I find, in most cases of young adults that are strongly and intimately connected to someone, that they tend to be so overly possessive and jealous over their “Significant Romantic Others” or, in short, their partners. Why is this? What seems to be causing this? Why is there such a fuss about their mates when they are so much “in love” with each other? Isn’t there supposed to be much stronger and deeper bonds that connect both? When there is trust and honesty, things like this will be less likely to happen. Hey, don’t look at me; I’m only human. I am not writing any of this as if I have never experienced this kind of emotion at all; I am writing this because I, myself, am in state of “Paranoia” with my S.R.O. It is not because I don’t trust him; or do I? In fact, I do. It is only that I have been through a lot of hell and back, and the fuss that I am making is due to the fact that I am so damn afraid of losing him.

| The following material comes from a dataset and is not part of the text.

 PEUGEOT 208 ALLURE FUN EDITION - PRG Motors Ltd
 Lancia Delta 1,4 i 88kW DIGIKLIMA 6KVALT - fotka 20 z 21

What I find funny in this relationship that I am in is: I have never experienced anything like this at all. I have never been this happy, nor have I been loved this much in my life; not even with my past ex’s, who in fact have been a@!*&%s in my life. They did not only cause me so much pain and trouble, but, in the end, destroyed everything I had made for myself. If I have to name a few: self-esteem and confidence. Gosh, given the chance to jot it all down, I would ran out of space here. Anyway, as I was saying, what makes me paranoid about it is that I really don’t know. The only existing reason I have for now is I am so, so, so, much in for this relationship, and the fact or thought of losing the guy would kill me, I can say.



Many of you out there will disagree and some of you will agree with me. How many will, I have no idea. Try to think of it; if your guy is out there somewhere, halfway around the globe and the only link you have is the internet and your cell phone: you will try everything to talk with him, send him sweet tiny notes and lovely messages. And if hugging or a touch of his hand is impossible, you’ll be paranoid right? The only thing that holds you together is the love you have and holding on to every word and promises you could make to each other. It’s not impossible, though, to make it last. The problem is: for how long you will be able to make it last. Now that scares me. I do not doubt anything, nor am I trying to push my luck so hard. But what can I do, if this stupid heart would feel the same awkward feeling and would keep on fearing that something will happen in this “gifted relationship”?



Paranoia starts when everything within you falls apart: when you cloud your mind with the unbelievable, disgusting doubts you can make. But I’m glad to have met this guy, I owe him a lot, though. I cannot speak for everything in my future, but he keeps on reassuring me that everything will turn out alright. We cannot be certain about that, but who knows?



Loving doesn’t have to be an enduring process, it is for the good of one’s self and many can reap its benefits. Though loving requires time and effort to make it last, there are so many good things you can find and learn while at it. Hey, you can get to know a person, earn yourself a “human blanket”, have a best friend, and - guess what - a brother.